** Opening Given records block **

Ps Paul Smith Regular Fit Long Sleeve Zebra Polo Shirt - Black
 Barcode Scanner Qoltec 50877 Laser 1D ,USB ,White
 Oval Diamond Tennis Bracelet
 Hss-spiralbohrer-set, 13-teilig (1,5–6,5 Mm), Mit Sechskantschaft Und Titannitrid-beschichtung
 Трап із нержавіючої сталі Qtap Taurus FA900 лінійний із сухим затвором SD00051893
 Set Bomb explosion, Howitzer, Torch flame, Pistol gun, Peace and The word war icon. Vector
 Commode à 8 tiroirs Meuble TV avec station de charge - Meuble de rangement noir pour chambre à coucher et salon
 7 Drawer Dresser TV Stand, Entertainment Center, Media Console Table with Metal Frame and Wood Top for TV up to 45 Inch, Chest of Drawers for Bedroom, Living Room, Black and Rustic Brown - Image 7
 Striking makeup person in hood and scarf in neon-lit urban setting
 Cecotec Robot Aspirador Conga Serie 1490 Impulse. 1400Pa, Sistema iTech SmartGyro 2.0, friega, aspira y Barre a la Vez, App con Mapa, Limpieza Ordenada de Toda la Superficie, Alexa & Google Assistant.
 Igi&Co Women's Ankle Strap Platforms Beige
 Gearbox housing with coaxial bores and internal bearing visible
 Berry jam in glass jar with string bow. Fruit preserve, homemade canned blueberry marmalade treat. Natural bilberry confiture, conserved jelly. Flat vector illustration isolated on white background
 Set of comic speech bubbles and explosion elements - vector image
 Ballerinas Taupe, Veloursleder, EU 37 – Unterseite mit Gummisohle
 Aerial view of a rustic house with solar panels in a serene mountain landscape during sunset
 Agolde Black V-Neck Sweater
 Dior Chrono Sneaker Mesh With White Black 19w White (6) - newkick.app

** Closing Given records block **

Write out only those lines that fall between the one containing "Aerial view of" and the end of the entries, the first and last included, exactly as they read.

Result of the exercise:
 Aerial view of a rustic house with solar panels in a serene mountain landscape during sunset
 Agolde Black V-Neck Sweater
 Dior Chrono Sneaker Mesh With White Black 19w White (6) - newkick.app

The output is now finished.